Four-time F1 world champion Prost was speaking in his capacity as a co-owner of one of the 10 teams due to compete in the world's first all-electric racing series due to start later this year, Formula E.
Prost feels F1 has confused fans by switching to 1.6-litre V6 turbo-charged power units which are assisted by systems that harvest waste energy from the turbo and under braking.
In the build up to this season, however, F1 failed to adequately explain the new technologies to the fans, and as such there has been considerable criticism with regard to the lack of pace of the cars and noise.
Speaking at the launch of the first 10 Formula E cars to be delivered to the headquarters of the teams at Donington Park, Prost said: "Formula One has moved to a very different engine.
"What they are doing is fantastic in a way, but has not been very well explained, and that is a problem.
"At least everybody knows that with Formula E what you see is an electric car, but in Formula One there is sometimes a little bit of confusion.
"I was in London when the first (F1) test took place earlier this year, which was a disaster, but it was not important that one team did five laps or 10 laps.
"What was important was that people, and the media, understood what Formula One was doing and explained what was being done and why.
"At the moment it is not fantastic, it is not really the case because right now the cars have the same power, but are using 30 to 40 per cent less fuel, which is amazing, so big.
"But the fans perhaps do not care too much, so there is a little bit of confusion and young people aren't following and aren't interested.
"With Formula E it is much more interesting, and with the organisers we are all in the same boat.
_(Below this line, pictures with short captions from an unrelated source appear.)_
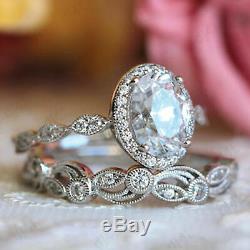 Real 14K White Gold 2.00 Ct Oval Diamond Halo Vintage Engagement Bridal Ring Set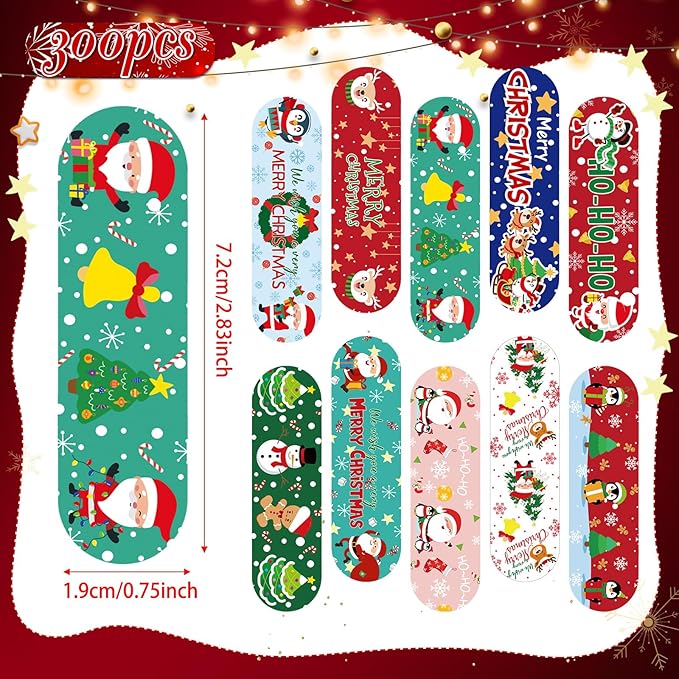 Patelai 300 Pieces Kids Bandages Bulk 10 Styles Children's Adhesive Flexible Colorful Cute Cartoon Bandages Waterproof Breathable Stickers Protection Care Cuts for Girls Boys(Santa Claus)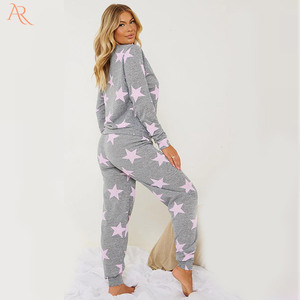 Conjunto <span class=keywords><strong>de</strong></span> pijama <span class=keywords><strong>de</strong></span> algodón y poliéster para mujer, pantalón largo <span class=keywords><strong>de</strong></span> manga larga, ropa <span class=keywords><strong>de</strong></span> <span class=keywords><strong>noche</strong></span> con estampado <span class=keywords><strong>de</strong></span> estrellas Digital - Product Image 2
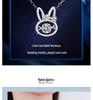 925 Sterling Silver Beating Heart Rabbit Necklace for Women - Zodiac Theme, Cool New Year Style, Cute Lively Clavicle Chain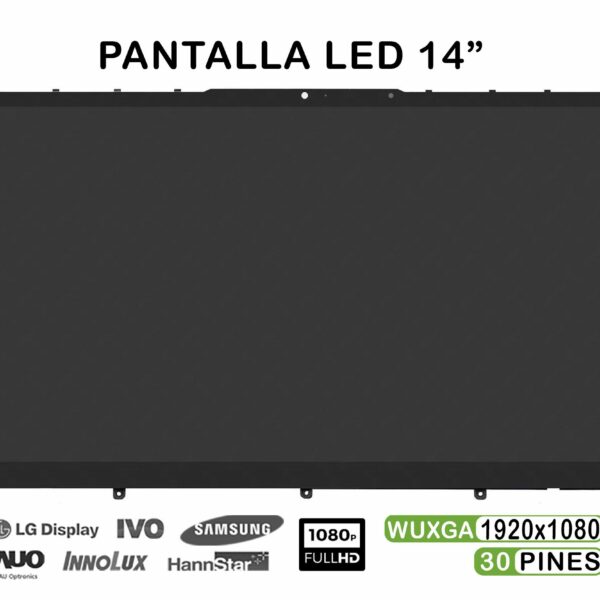 TELA LED SENSÍVEL AO TOQUE DE 14" PARA NOTEBOOK LENOVO IDEAPAD YOGA 7-14ITL5 5D10S39670, 30 PINOS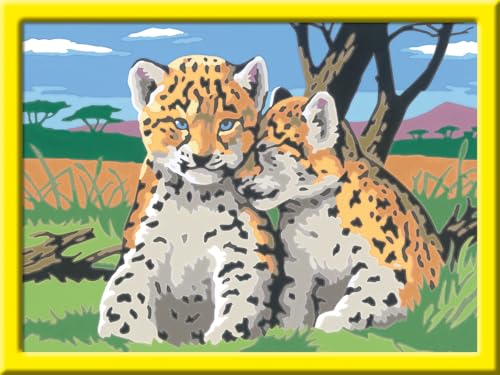Ravensburger CreArt 28486 - Kleine Leoparden - Malen nach Zahlen für Kinder ab 9 Jahre, Malset mit Rahmen, Pinsel und Acrylfarben, Geschenk für Mädchen und Jungen Ravensburger CreArt 28486 - Kleine Leoparden - Malen nach Zahlen für Kinder ab 9 Jahre, Malset mit Rahmen, Pinsel und Acrylfarben, Geschenk für Mädchen und Jungen von Ravensburger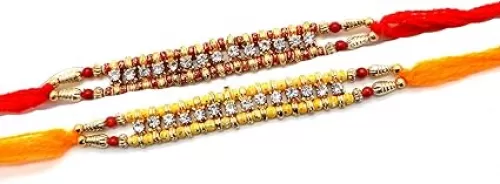 SLNDOKTG Set Of Two Rakhi, 14 Stone Rakhi Thread, Raksha Bandhan Gift For Your Brother Vary Color.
We're bringing new ideas, and that's what I like."
The 59-year-old Frenchman feels it would be wrong to compare F1 and Formula E, and despite the latter operating under the slogan 'the future is electric', does not feel it will ever replace the former.
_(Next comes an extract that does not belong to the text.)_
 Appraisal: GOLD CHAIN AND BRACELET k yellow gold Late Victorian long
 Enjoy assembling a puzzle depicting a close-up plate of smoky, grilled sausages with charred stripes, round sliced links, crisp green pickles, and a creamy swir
"I don't think you can replace Formula One with something like this, and that is the good thing," added Prost.
"It's something new, a new formula, a new area, so you can't compare.
"Having a new discipline, going so far into the technology, it's the way to go, and I must say what has so far been done on the technical and marketing side is absolutely exceptional.
"The whole world is talking about Formula E.
"The only things I would say are the same as F1 is that you need to find the money, the sponsors and you need to win, which is part of the game of motor racing."